╔══

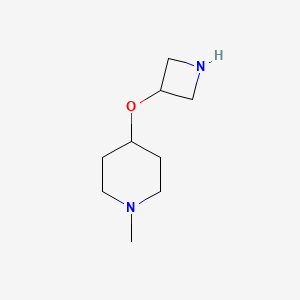 molecular formula C9H18N2O B13614411 4-(Azetidin-3-yloxy)-1-methylpiperidine 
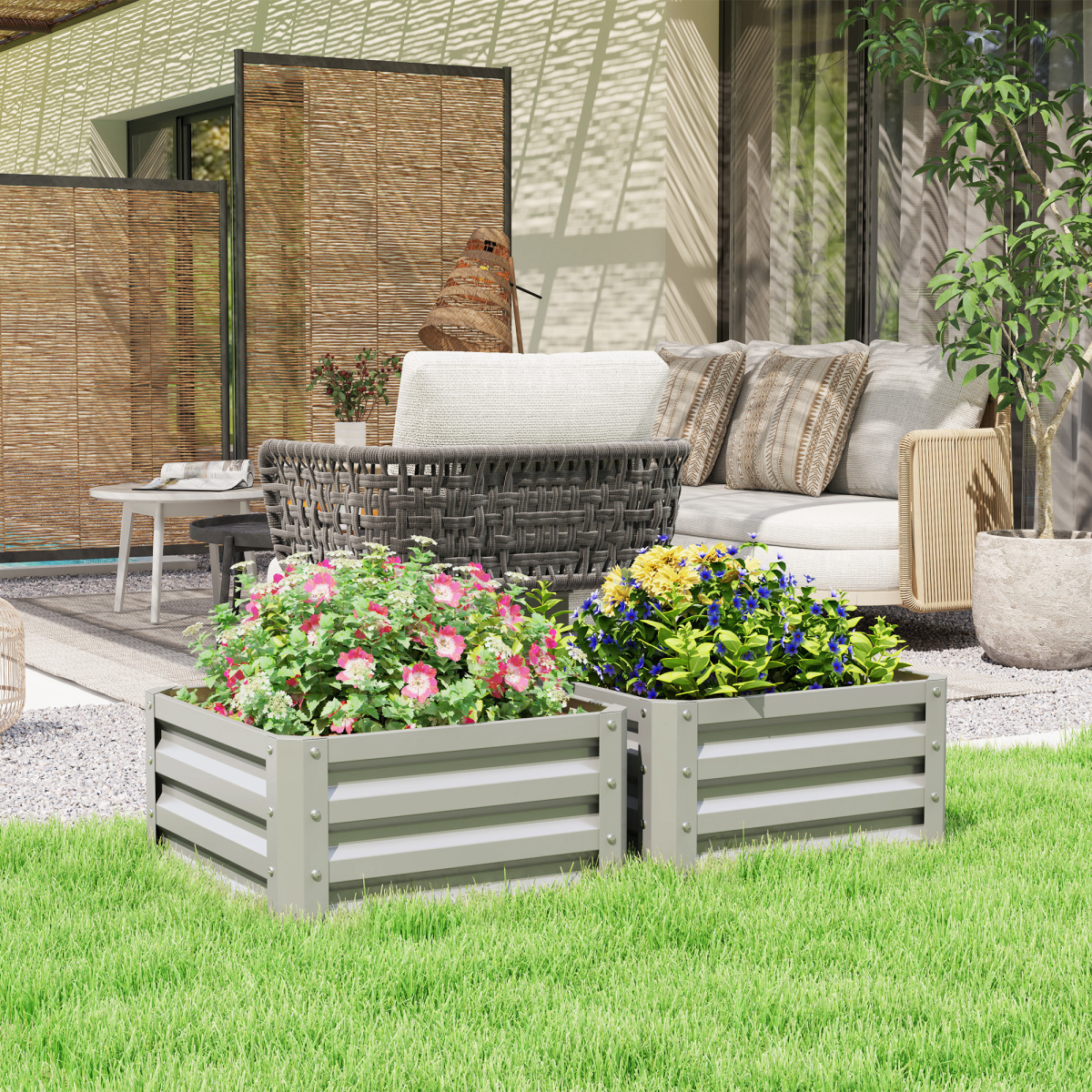 Outsunny Set of 2 Raised Garden Bed Galvanised Planter Box, Light Grey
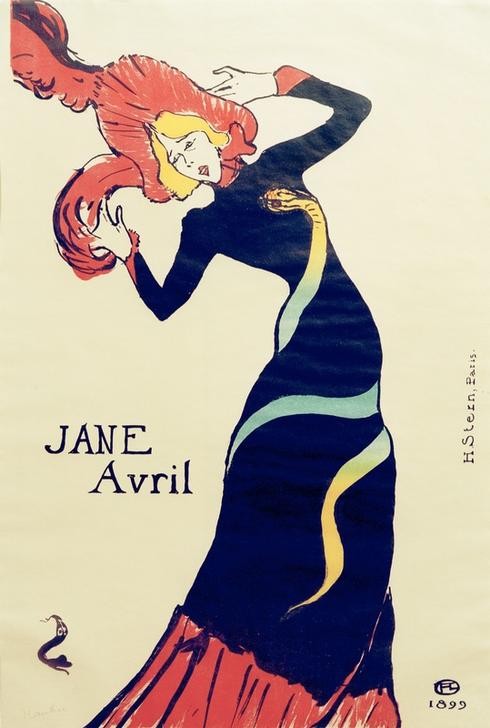 Henri de Toulouse-Lautrec, Jane Avril (Frau,Jugendstil,Kabarett Und Variete,Kabarett,Kunst,Schlange,Tänzerin,Tanz,Theater,Variete (Entertainment),Hut,Plakat,Revue (Musiktheater),Portrait,Französische Kunst,Belle Epoque,Fin De Siecle,Jahrhundertwende,Ganzfigurig)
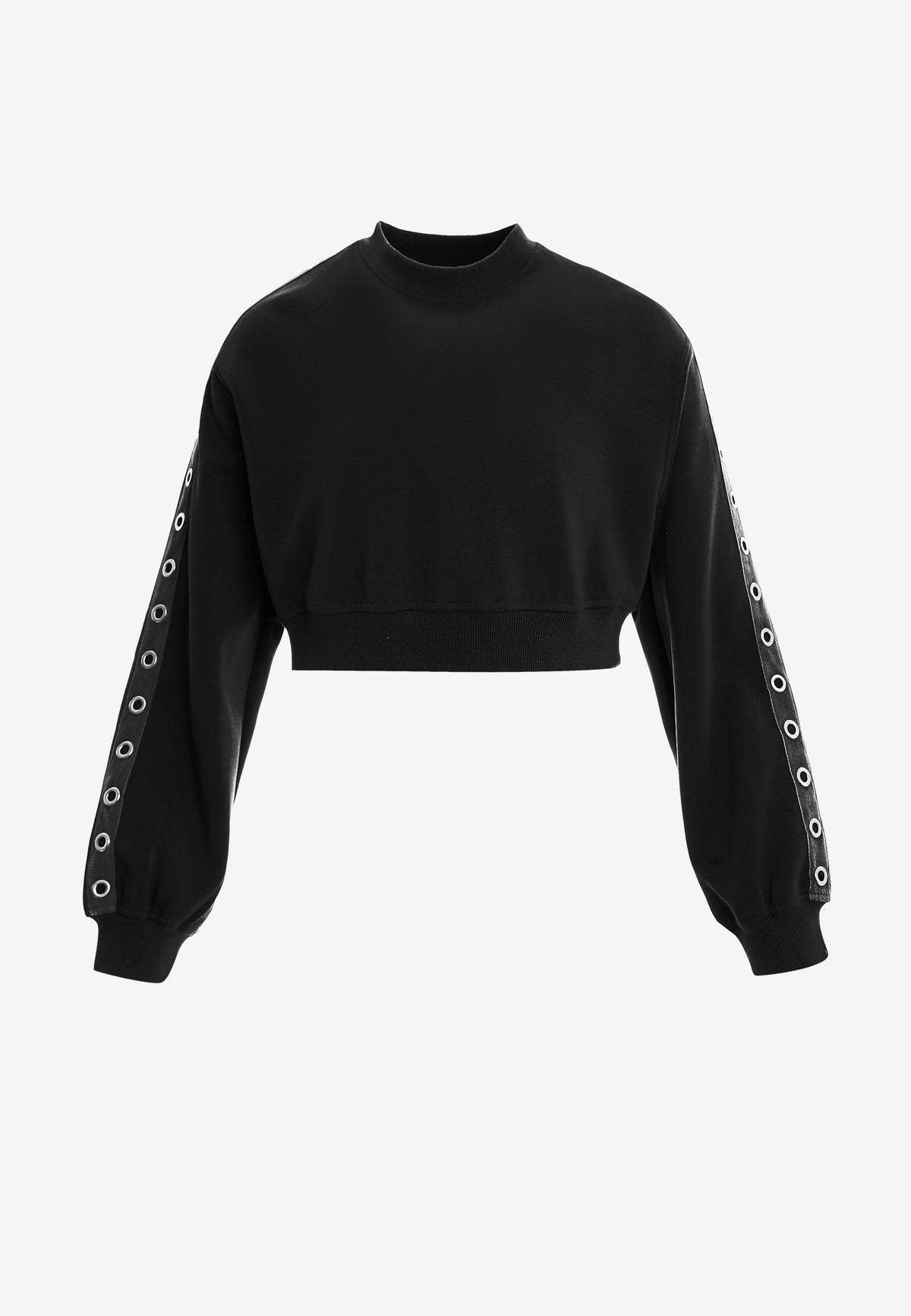 Sudadera corta con cordones en mangas y X de cordones cruzados | MWM [PS_COLORS:BLACK]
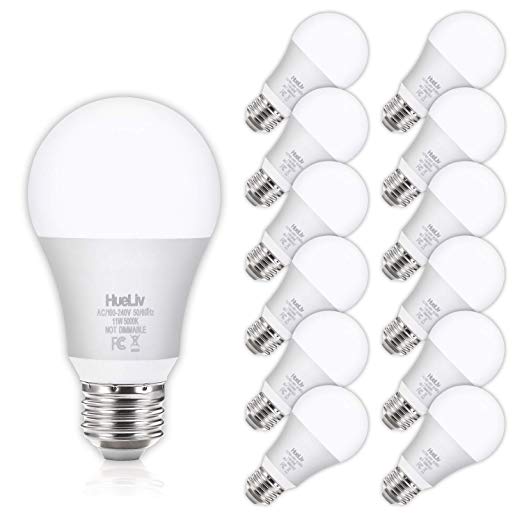HueLiv A19 LED Light Bulbs 100 Watt Equivalent 5000K Daylight White, No Flicker E26 Medium Screw Base Bulbs, 1100Lumens, Non Dimmable, 12Pack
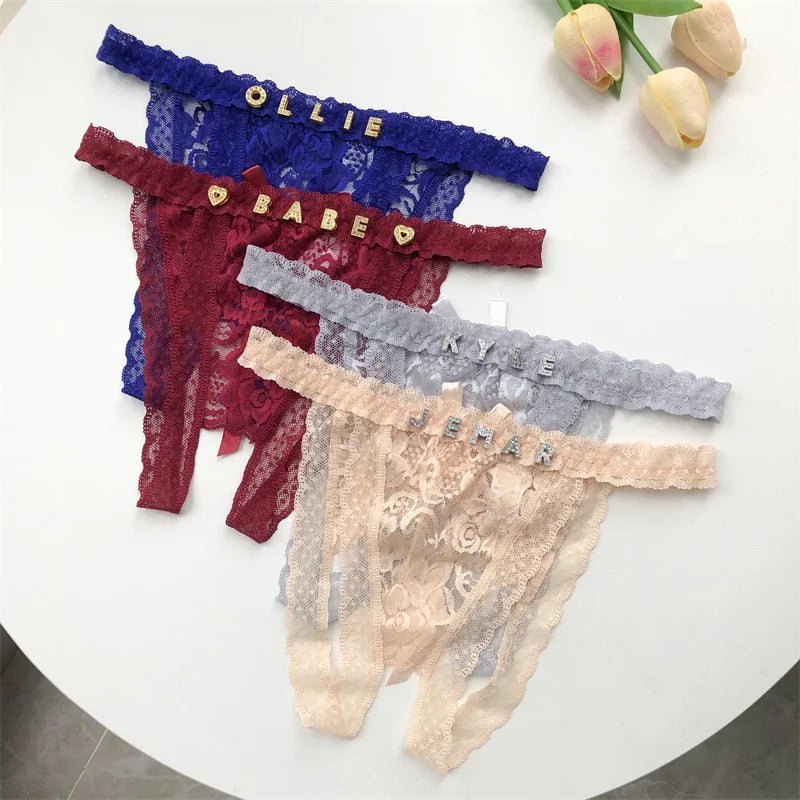 Customized G-String Panties Crystal Letters Personalized Name Women's
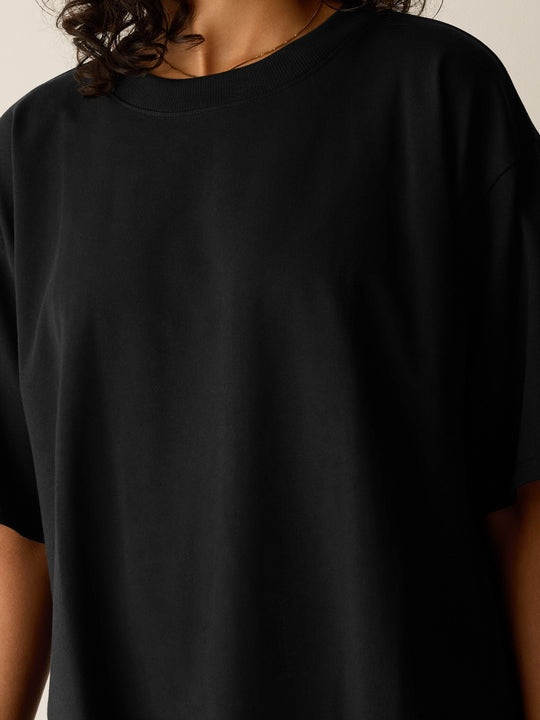 Eileen Fisher Pima Cotton Stretch Jersey Crew Neck Elbow Sleeve Tunic in Black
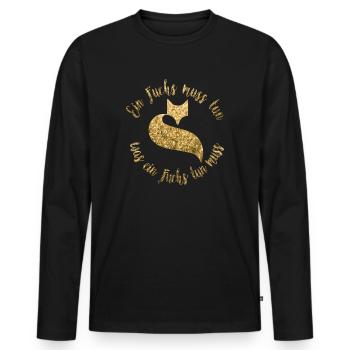 Ein Fuchs muss tun was ein Fuchs tun muss - GOLD - Männer Premium Bio Langarmshirt - Schwarz - Vorne - Nico (187cm)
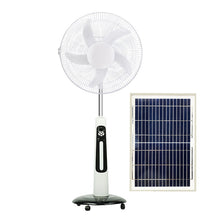 Load image into Gallery viewer, White And Black Wholesale 16 Inch Rechargable Fan With Light China Fan Rechargeable Solar Rechargeable Standing Fan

╚══

EXERCISE INSTRUCTIONS:
Copy exactly what appears in the entries, beginning with the first line and ending with the line that has "Outsunny Set of", but not the pictures.

THE COMPLETED TASK:
 molecular formula C9H18N2O B13614411 4-(Azetidin-3-yloxy)-1-methylpiperidine 
 Outsunny Set of 2 Raised Garden Bed Galvanised Planter Box, Light Grey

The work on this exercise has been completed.